EUAs continued to trade steadfastly in a 21.4–25.7 €/t technical range last week, closing Friday in the lower part of the range but posting an 1.7% w/w gain. While there was no surprise in that technical trading range, it was a very soft week for the related fuels complex. The EU natural gas market has continued to be weak, as storage levels remain high and supply continues to be complimented by incremental LNG washing in from a well-supplied global market. The TTF has been trading, particularly for delivery in summer 2019, at a much lower fuel switch trigger than seen in previous years. The market is now pricing in gas-fired plants that are just 5% more efficient than coal-fired units, compared to previously pricing in gas plants that are 15% more efficient. Underlying emissions reductions are likely to be around 35 Mt y/y over April-September, with the gas market now trading at a level that we expect will deliver much of the available coal-to-gas switch for summer 2019. With the forward summer markets also at that lower fuel switch trigger price for Sum-20, the drop in annual compliance demand will be matched by a reduction in demand for EUAs to create future hedges. Last week’s surprise came from the coal market.
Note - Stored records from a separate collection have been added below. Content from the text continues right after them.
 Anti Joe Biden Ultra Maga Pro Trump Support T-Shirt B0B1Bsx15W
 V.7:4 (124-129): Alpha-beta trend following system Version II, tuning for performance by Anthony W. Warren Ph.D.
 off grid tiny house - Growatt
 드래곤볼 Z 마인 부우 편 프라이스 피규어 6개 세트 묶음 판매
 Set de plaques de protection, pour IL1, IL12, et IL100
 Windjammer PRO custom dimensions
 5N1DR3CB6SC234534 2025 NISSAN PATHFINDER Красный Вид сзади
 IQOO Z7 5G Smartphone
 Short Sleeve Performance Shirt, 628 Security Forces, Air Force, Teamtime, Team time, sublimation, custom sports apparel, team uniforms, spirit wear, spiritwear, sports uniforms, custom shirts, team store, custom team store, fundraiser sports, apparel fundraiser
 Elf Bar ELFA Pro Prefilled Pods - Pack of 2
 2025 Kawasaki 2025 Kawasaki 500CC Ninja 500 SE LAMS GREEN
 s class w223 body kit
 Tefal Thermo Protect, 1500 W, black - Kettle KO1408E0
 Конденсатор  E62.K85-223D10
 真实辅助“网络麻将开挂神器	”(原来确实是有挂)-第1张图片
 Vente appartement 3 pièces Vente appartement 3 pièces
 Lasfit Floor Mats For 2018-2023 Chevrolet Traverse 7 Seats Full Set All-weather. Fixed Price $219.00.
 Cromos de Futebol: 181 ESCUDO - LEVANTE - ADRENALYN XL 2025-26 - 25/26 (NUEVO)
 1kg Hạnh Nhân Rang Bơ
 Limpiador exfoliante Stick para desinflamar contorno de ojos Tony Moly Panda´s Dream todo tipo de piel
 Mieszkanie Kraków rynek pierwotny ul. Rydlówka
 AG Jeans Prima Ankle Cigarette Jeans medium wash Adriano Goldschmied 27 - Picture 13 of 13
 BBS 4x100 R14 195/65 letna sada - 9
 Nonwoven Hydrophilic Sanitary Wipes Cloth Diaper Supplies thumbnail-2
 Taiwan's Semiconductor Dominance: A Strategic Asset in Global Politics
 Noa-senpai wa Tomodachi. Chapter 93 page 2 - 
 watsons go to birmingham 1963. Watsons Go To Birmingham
Cif ARA had traded around 80 $/t since the start of the year, a level that was largely consistent with a 60 $/bbl oil price. While oil held its value last week (4-10 February), the weak bids for coal coming from the increased fuel switch to gas meant that coal broke away from its oil price anchor and started to compete for market share. Over the last two days, coal fell by 8% to close Friday at 72.8 $/t. This was a cue for gas to drop further, with the TTF falling and still closing at its 5% fuel switch trigger. This looks like a potential race to the bottom between the two fuels, raising the question of whether the market will retain its consensus that the only way is up for EUAs. With the fuel switch coming into the market regardless of the EUA price, will the ‘buy and holds’ retain their conviction that this is a market with gains still to come?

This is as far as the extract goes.